This sprawling site is part of the personal website of Catherine Decker, author of scholarly work in several fields, including 18th-century gender and literature. The site contains more than 400 images of late 18th- and early 19th-century European fashions reproduced from fashion books of the period. The site also contains images of surviving items of clothing held by museums and private collectors; 18 reproduced portraits by European and American painters; material on the 1816 marriage of Princess Charlotte (daughter of Britain’s George IV) and Prince Leopold; and photographs of the Jane Austen Evening Tea and Ball held in California by the Lively Arts History Association.

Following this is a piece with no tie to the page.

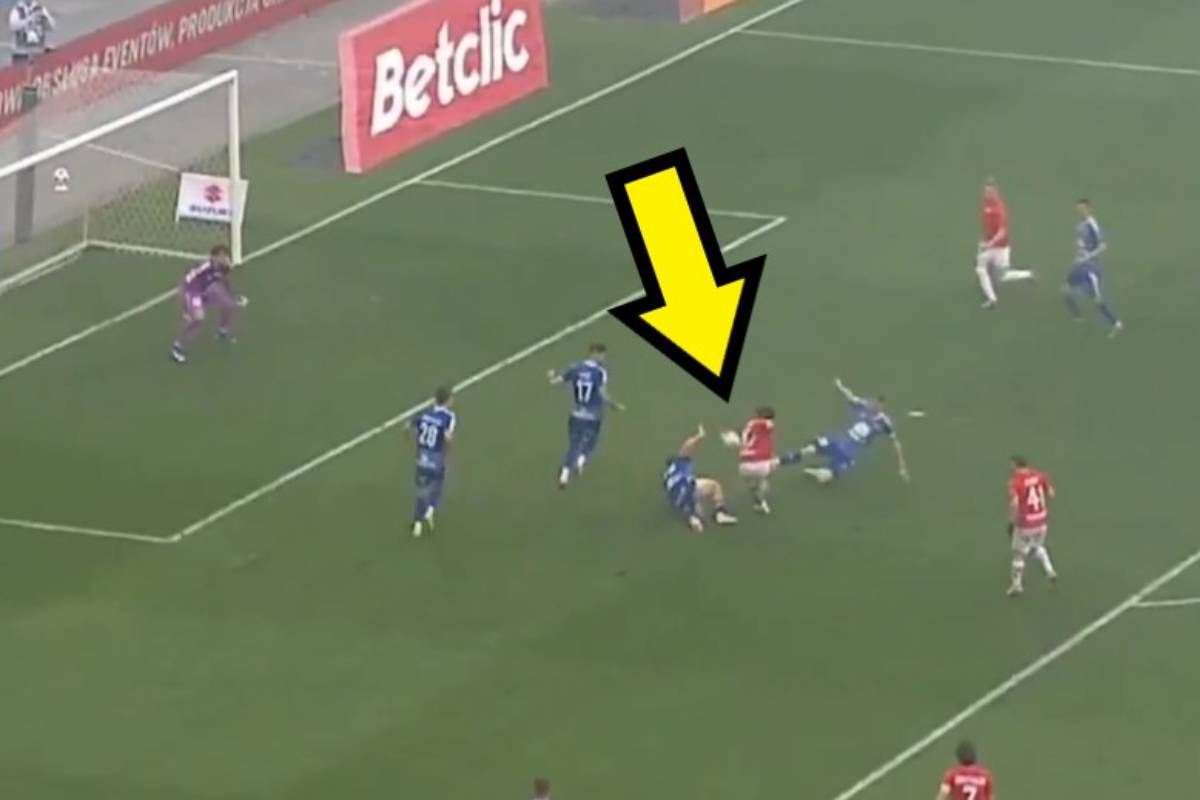 Efektowny gol Wisły na wagę remisu. Nie dał szans bramkarzowi Ruchu [WIDEO]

The site is divided into eight main sections. The Real Regency Clothing Page contains images of surviving items from the period. Regency Fashion Plates, in which the images are arranged by fashion journal, and Regency Style Year by Year, which lists images chronologically, contain the bulk of the material on the site. A Regency Portraits Page provides images of notables of the period. The Men’s Page and Princess Charlotte’s Wedding Page provide images and information related to these themes and events. Kathy Hammel’s Regency Outerwear Article reproduces a short (1,500 word) article on this subject, and An Austen Evening reproduces photographs from modern reenactments of Regency social life. Below these sections are lists of specific clothing items or collections of clothing for a specific purpose, for example, Turbans or The Mourning Page.

There is a wealth of material on this site and it contains much of interest to students and teachers of Regency-period fashion and social life. A key disadvantage lies in the site’s unsystematic organization. It is clear the author is passionate about all aspects of her subject, and this leads her research in myriad directions creating a web of references and cross-references throughout the site. This is an unashamedly idiosyncratic website in which the author’s research and personal interests commingle. Some will find the site’s personal angle charming (re-enactment photographs of Californians in Regency costume jostle with selections from late 18th-century fashion books), but others will find it distracting.

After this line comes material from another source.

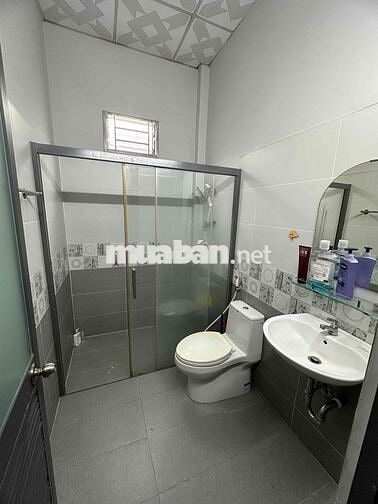 Cho thuê nhà 145 m2, hẻm 20 đường Thích Quảng Đúc, Thủ Dầu Một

For all its disadvantages, there is a wide range of fascinating material on this site that makes it useful for students and teachers interested in the social life and customs of the period. The distinctions between men’s and women’s dress are one obvious focus for discussion, as are the manner in which categories of dress (for example the distinction between undress, half dress, and full dress) reveal the activities and social attitudes of the period. There are snippets of information throughout the site about the context in which these fashions were worn, along with links to further reading associated with particular themes. Themes include individual artists in the portrait section and the list of research books in the Real Regency Clothing section.

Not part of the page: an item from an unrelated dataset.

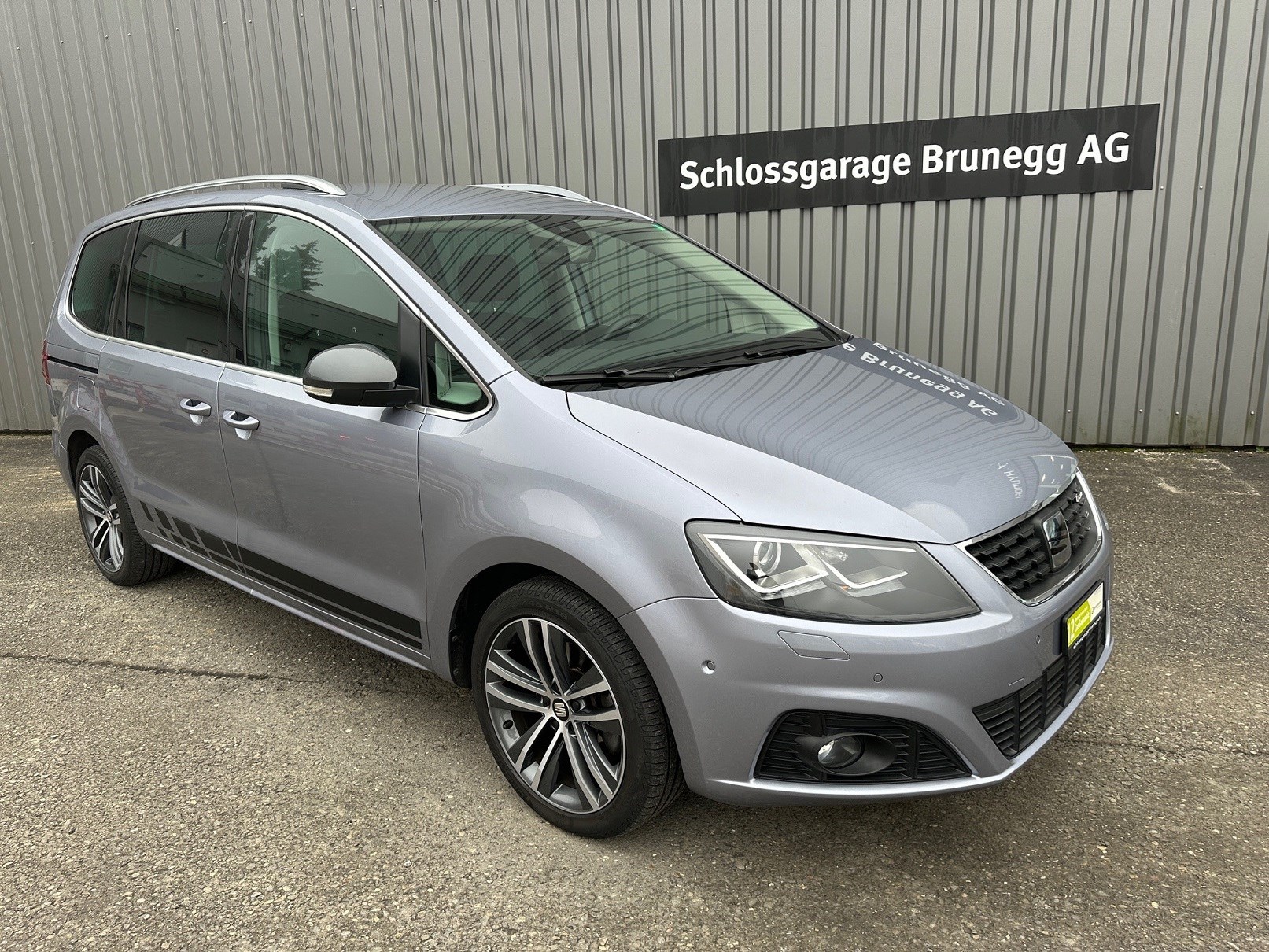 SEAT Alhambra 1.4 TSI DSG SWISS FR2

Many users of this site will find the fashions interesting in themselves, but for those seeking to analyze dress within its social context, the following texts are recommended. Leonora Davidoff and Catherine Hall’s Family Fortunes: Men and Women of the English Middle Class, 1780 - 1850 is an unsurpassed classic.1 Their exploration of the relationship between class and gender in the making of the English middle class provides a useful background to discuss issues such as adornment, restraint, respectability, and gender roles with reference to dress and fashionable life. More recently, Cindy McCreery’s excellent study The Satirical Gaze: Prints of Women in Late Eighteenth-Century England provides an analysis of contemporary attitudes towards women (including their dress) as they were expressed through the voluminous popular print culture of the period.2



1 Leonora Davidoff and Catherine Hall, Family Fortunes: Men and Women of the English Middle Class, 1780 - 1850 (London: Hutchinson, 1987).

2 Cindy McCreery, The Satirical Gaze: Prints of Women in Late Eighteenth-Century England (Oxford: Oxford University Press, 2004).